This article was originally published on LinkedIn.
A few weeks ago, a new NetSuite client reached out to me with this request: "Can you build a prompt to help us with year-end close? Our controller is buried."
Their situation was typical for growing companies. They run a multi-subsidiary NetSuite environment. They do around $10M in revenue. It's a strong business, but the controller was drowning during close period.
The owner wanted confidence that their books were going to be clean before signing off at year end. They needed what auditors call a "pre-audit review" - a second set of eyes that catches issues before they become problems.

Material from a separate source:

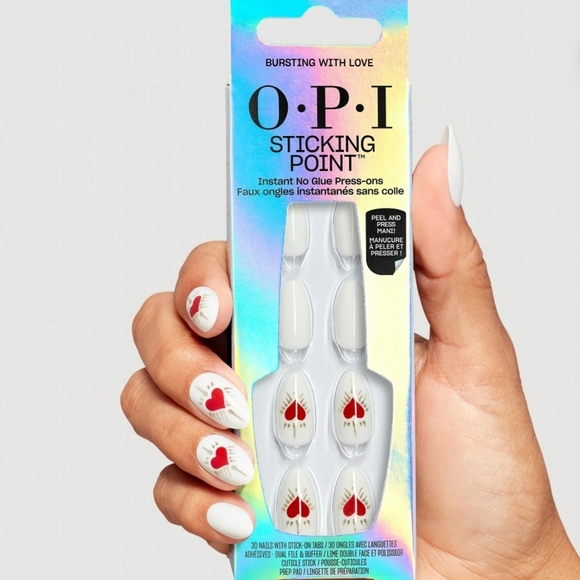 OPI Other - OPI White Nails With Hearts "Bursting With Love" Press-On Nails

The owner also wanted an AI prompt that can be run quarterly, not just at year-end.
This article discusses the prompt that I created, what makes it work, and more.
Also, I'm sharing the prompt down below.
What Makes This Type of Prompt Challenging
With these types of AI prompt projects, the challenge isn't the analysis itself. It's making AI do it reliably and repeatably.
Challenge #1: Finance requires precision.
You can't have AI making up account balances or "estimating" depreciation schedules.
One hallucinated number undermines the entire report. The controller loses trust. The board loses confidence. The whole exercise becomes worthless.
Traditional AI tools are trained to be helpful, to fill in gaps, to keep the conversation going. That's death for financial analysis.
Challenge #2: Professional judgment is hard to encode.
When is a variance material? It depends on context. 5% of total assets? 10% of equity? And it depends on the account.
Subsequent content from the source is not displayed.